[Opening INFORMATION GIVEN section]

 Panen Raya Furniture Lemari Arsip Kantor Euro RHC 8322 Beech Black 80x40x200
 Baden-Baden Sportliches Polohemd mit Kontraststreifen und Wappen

[Closing INFORMATION GIVEN section]
[Opening INFORMATION GIVEN section]

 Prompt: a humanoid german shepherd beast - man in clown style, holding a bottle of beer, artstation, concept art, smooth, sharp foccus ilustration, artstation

[Closing INFORMATION GIVEN section]
[Opening INFORMATION GIVEN section]

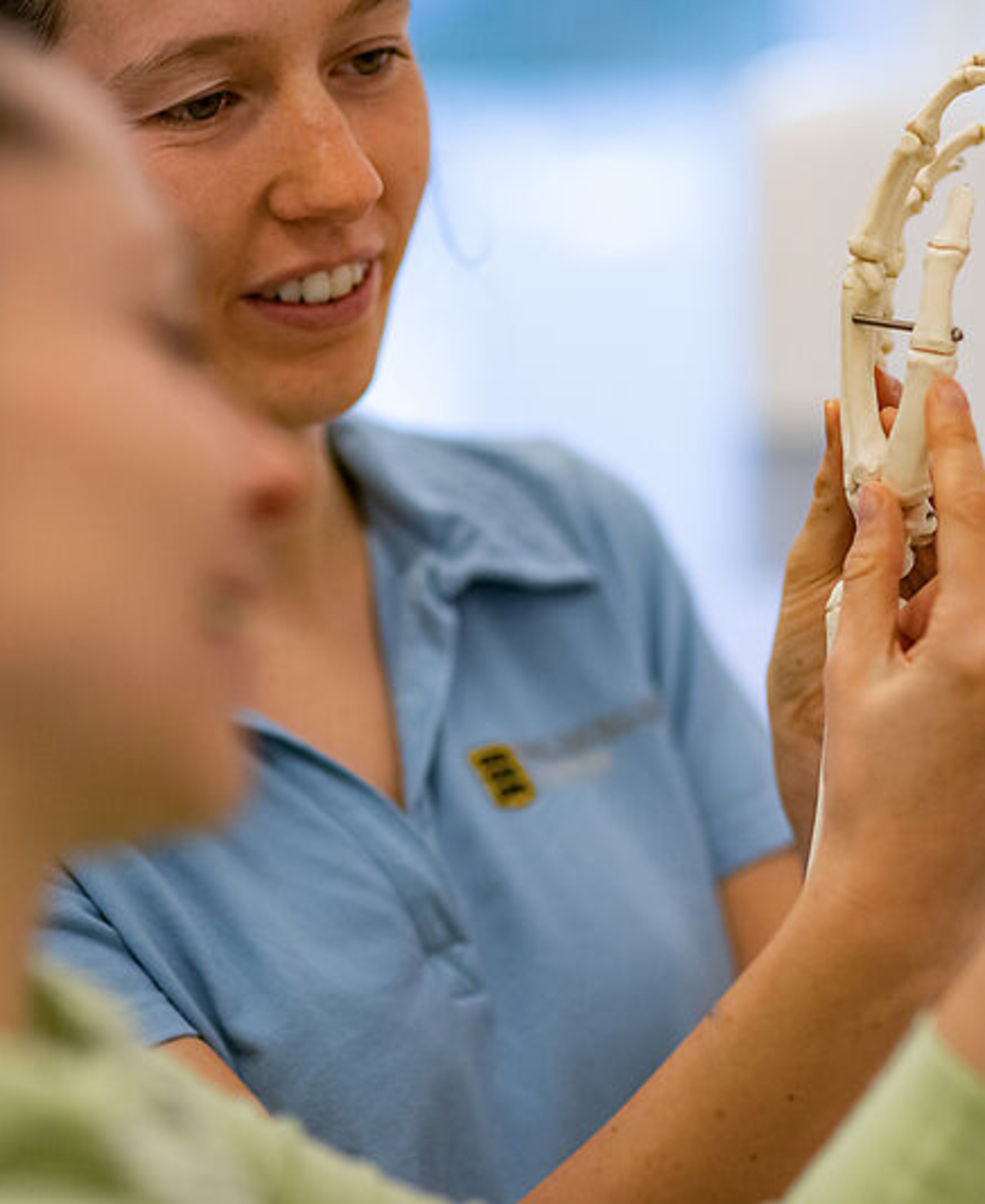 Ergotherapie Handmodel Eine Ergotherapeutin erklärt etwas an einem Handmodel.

[Closing INFORMATION GIVEN section]

## WHAT TO PRODUCE
In the entries above, the lines between the one holding "Panen Raya Furniture" and the one holding "Baden-Baden Sportliches Polohemd", inclusive, are to be printed exactly as written, and those alone.

## OUTPUT FOR THIS TASK
 Panen Raya Furniture Lemari Arsip Kantor Euro RHC 8322 Beech Black 80x40x200
 Baden-Baden Sportliches Polohemd mit Kontraststreifen und Wappen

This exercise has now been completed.